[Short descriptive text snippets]
-.-.-
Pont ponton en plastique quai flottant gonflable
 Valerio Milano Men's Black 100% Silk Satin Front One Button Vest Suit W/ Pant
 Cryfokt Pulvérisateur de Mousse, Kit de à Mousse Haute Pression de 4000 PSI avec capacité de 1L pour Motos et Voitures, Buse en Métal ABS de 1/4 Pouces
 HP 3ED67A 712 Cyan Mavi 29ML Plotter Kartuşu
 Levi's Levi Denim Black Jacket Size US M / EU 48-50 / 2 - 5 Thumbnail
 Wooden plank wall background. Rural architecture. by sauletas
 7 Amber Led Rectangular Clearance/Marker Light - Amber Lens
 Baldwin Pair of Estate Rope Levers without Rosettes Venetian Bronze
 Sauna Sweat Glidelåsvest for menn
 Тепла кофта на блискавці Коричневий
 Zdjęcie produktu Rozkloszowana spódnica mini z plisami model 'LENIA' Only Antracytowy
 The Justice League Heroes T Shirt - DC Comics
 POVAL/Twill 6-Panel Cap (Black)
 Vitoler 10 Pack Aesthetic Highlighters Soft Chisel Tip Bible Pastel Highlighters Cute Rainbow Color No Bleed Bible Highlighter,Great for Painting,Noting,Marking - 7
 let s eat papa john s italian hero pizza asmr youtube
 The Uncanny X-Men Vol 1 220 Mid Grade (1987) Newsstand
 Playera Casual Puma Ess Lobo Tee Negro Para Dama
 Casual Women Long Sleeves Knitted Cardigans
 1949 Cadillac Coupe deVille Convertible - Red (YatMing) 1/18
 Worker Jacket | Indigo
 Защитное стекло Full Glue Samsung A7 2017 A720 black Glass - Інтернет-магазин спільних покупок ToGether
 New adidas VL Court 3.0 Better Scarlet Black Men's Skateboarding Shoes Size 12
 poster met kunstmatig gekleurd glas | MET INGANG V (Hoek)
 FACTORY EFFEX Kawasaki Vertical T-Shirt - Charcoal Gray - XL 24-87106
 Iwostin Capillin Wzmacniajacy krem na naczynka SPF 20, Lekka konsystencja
-.-.-
| WORK ITEM |
In the entries above, find the line with "The Justice League" and the line with "Casual Women Long Sleeves Knitted Cardigans", then set down exactly those two and every line between them, nothing else.

| SOLUTION TO THIS EXERCISE |
 The Justice League Heroes T Shirt - DC Comics
 POVAL/Twill 6-Panel Cap (Black)
 Vitoler 10 Pack Aesthetic Highlighters Soft Chisel Tip Bible Pastel Highlighters Cute Rainbow Color No Bleed Bible Highlighter,Great for Painting,Noting,Marking - 7
 let s eat papa john s italian hero pizza asmr youtube
 The Uncanny X-Men Vol 1 220 Mid Grade (1987) Newsstand
 Playera Casual Puma Ess Lobo Tee Negro Para Dama
 Casual Women Long Sleeves Knitted Cardigans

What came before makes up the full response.